Pull out of the data below the stretch of lines bounded by the one containing "Pivot table with" and the one containing "The Phantom X」真（クイーン）＆祐介（フォックス）が再登場するPICKUP契約を開催の画像", both bounds included, unchanged.

(Beginning of ENTRIES SHOWN)

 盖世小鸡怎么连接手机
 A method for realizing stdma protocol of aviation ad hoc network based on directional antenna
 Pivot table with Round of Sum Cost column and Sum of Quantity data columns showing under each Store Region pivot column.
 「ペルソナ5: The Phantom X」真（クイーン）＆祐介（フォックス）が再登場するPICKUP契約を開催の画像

(End of ENTRIES SHOWN)
(Beginning of ENTRIES SHOWN)

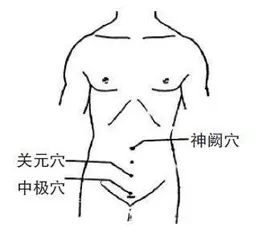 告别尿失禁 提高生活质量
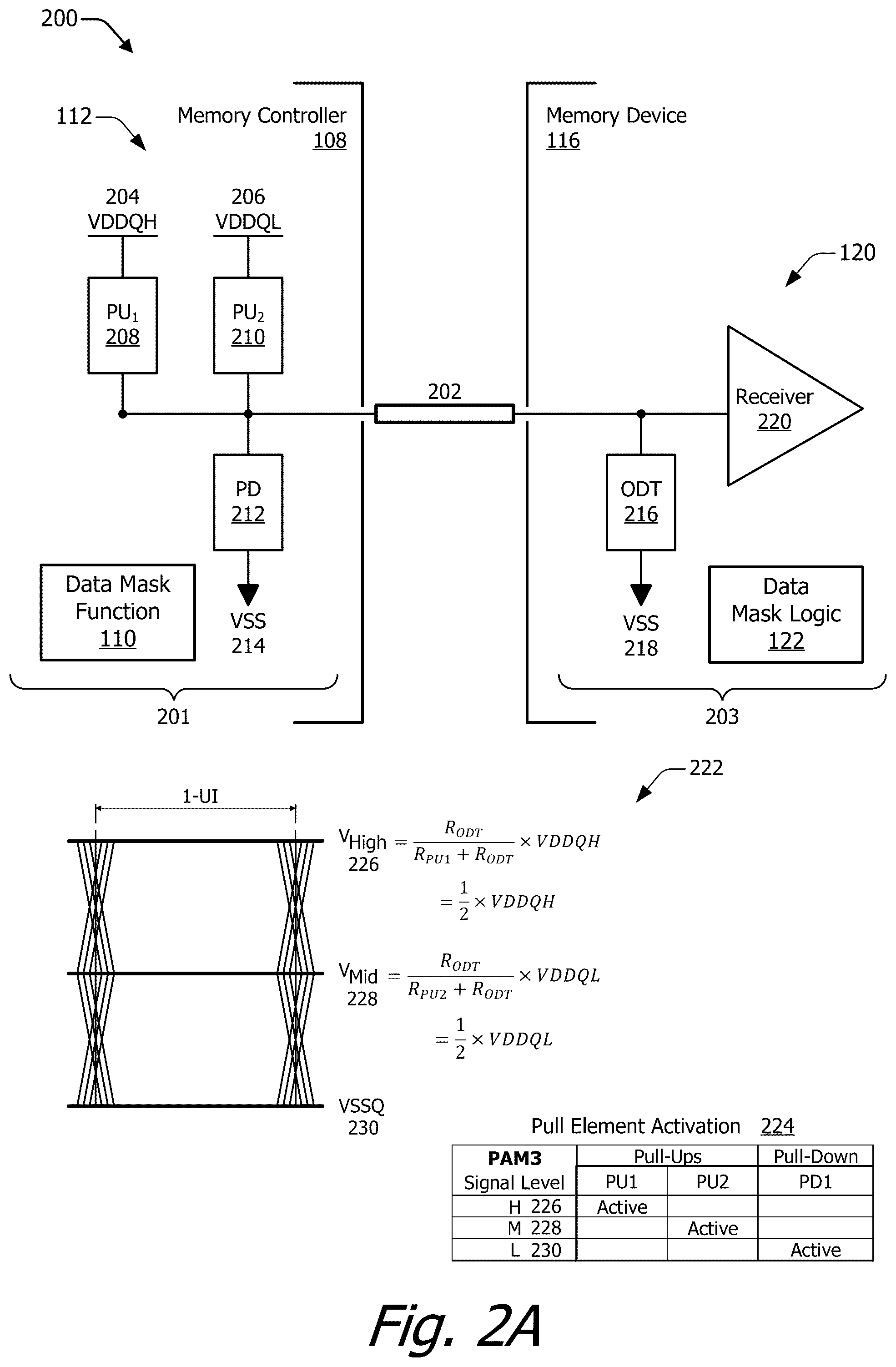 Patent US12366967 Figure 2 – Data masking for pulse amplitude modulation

(End of ENTRIES SHOWN)

• **RESPONSE**:
 Pivot table with Round of Sum Cost column and Sum of Quantity data columns showing under each Store Region pivot column.
 「ペルソナ5: The Phantom X」真（クイーン）＆祐介（フォックス）が再登場するPICKUP契約を開催の画像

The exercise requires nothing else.